The Sound of their Own Voices

Watching Network (1976) and His Girl Friday (1940) in immediate succession as part of our Film Studies unit on screenplays (specifically, dialogue-driven screenplays) brought out some interesting parallels and contrasts. Both concern the control of information and its use in seduction. The seductions themselves, however, differ

Network's seduction is partly that of good old Max Schumacher, William Holden's mostly straight-arrow point-of-view character that today nobody cares about. William Holden has faded as a screen personality, despite his anchoring important films such as Sunset Boulevard and Bridge on the River Kwai. That's the problem--he anchors them, but doesn't drive them. That's up to crazy nuts like Norma Desmond, Colonel Nicholson and in Network, Howard Beale and Arthur Jensen. Yes, there's a crazy woman and she has mixed her obsession with words and numbers with her failure of a sex life, but that seems to be there to be dismissed. The ultimate seduction is of Howard Beale by Arthur Jensen, a liebestod that precipitates Beale's death. And director Sidney Lumet has said that the film itself becomes corrupted, from a straight-forward recorder of events at the outset to a stylish glamorizer at the end.

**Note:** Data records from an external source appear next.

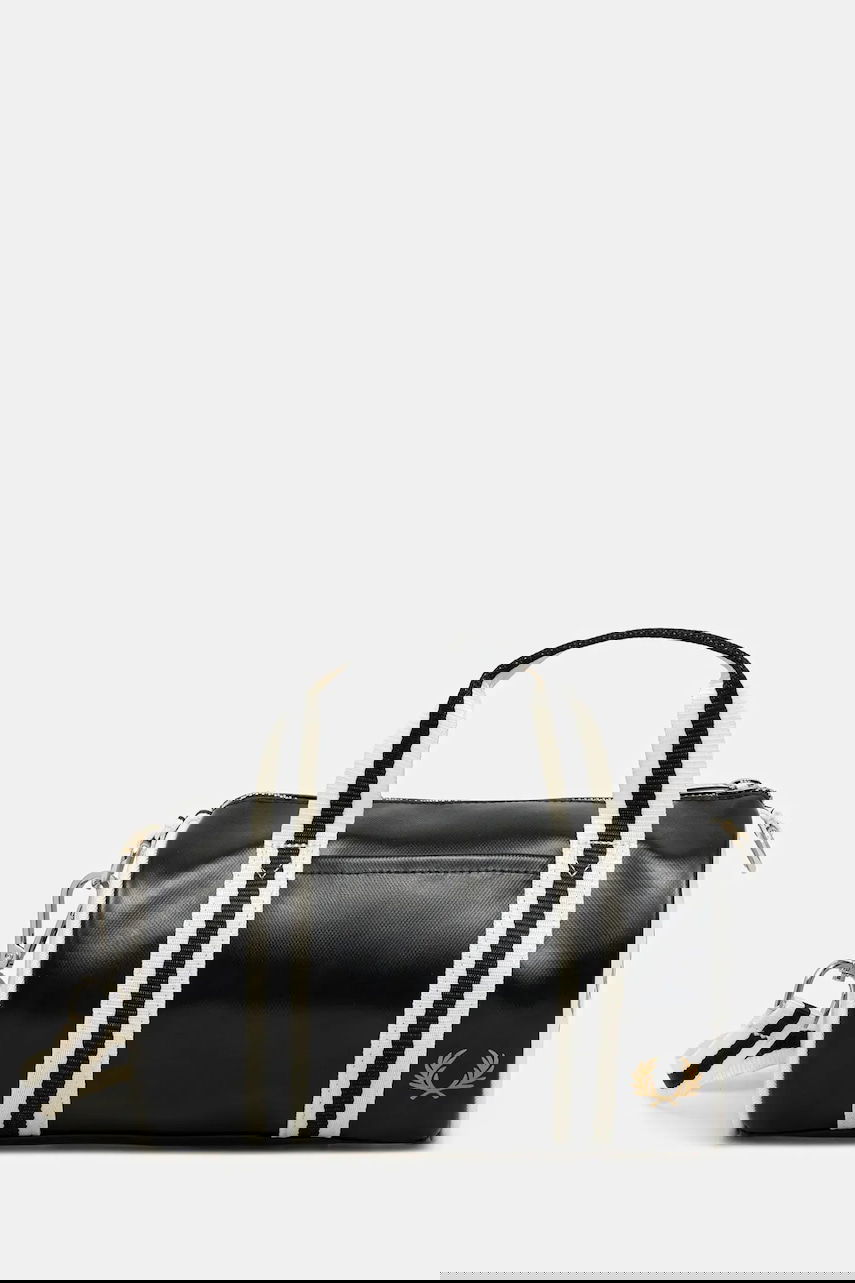 Чанта за пътуване Fred Perry Fred Perry Barrel Bag Черно | L9256, 0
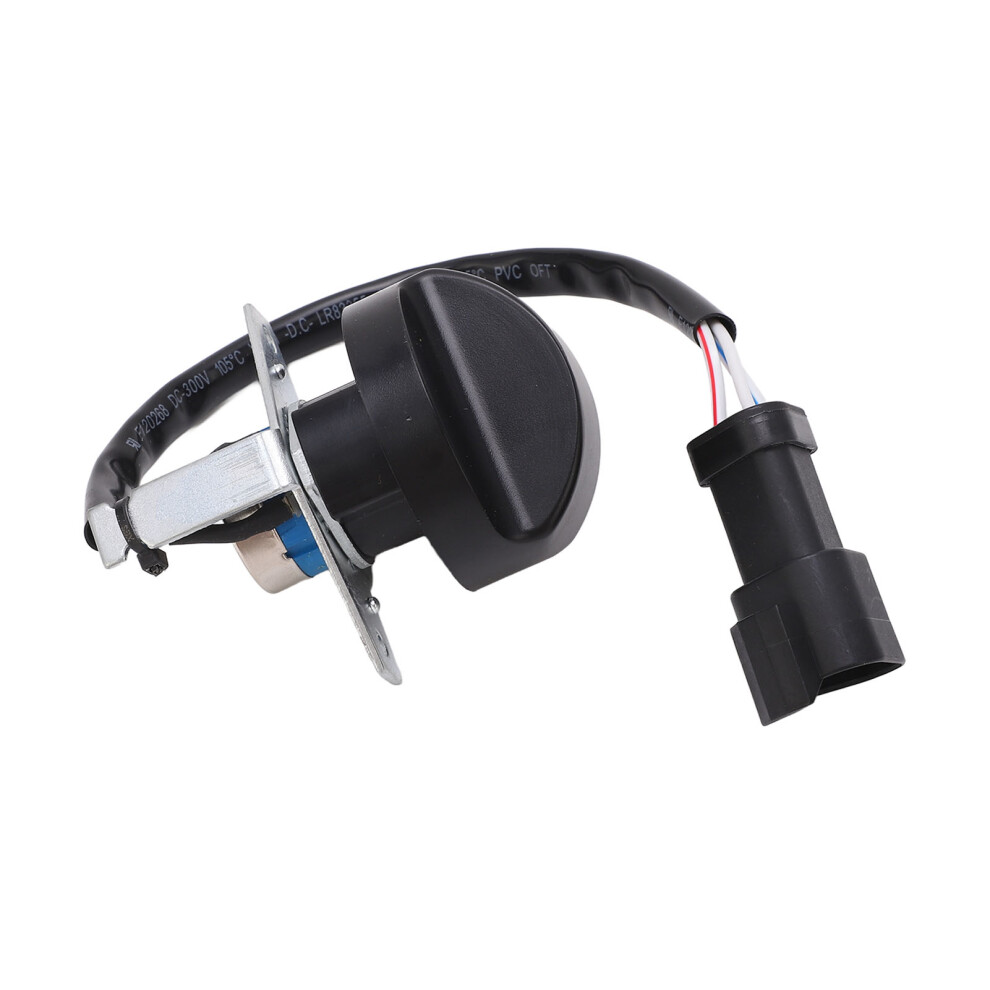 3 Pins Excavator Throttle Motor Knob Switch For Sany Heavy Equipment 8711380956321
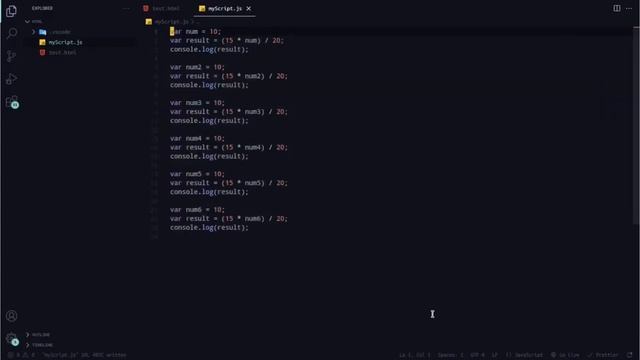 Javascript: History, Runtime environment, Execution context, call stack, Hoisting смотреть онлайн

Nobody cares what the news is in Network. They're just interested in what it does for them; therein, the common bond with His Girl Friday, where the battle for eyeballs is just an instrument in Walter Burns's endless seduction. This was always true in HGF's source material, The Front Page, in which Hildy was a man. But the seduction was clearer and more palatable when it was made into a conventional romance. And here also, the romance of words is probably a liebestod. At the end of the film it seems clear that Hildy will not have an actual life, but race from scoop to scoop in the effort to hold onto her man--and her eyes glitter at the prospect.

Neither film has a music score--where would you put it? Although, I must admit that Network's super-pompous TV theme music (by Elliot Lawrence, a veteran arranger/conductor of big bands, Broadway pits and TV award shows) always makes me laugh aloud--it is so dead-on, not an ounce of exaggeration or mockery. But that is a grace note. Both films are finally about people who will, if allowed, talk themselves to death.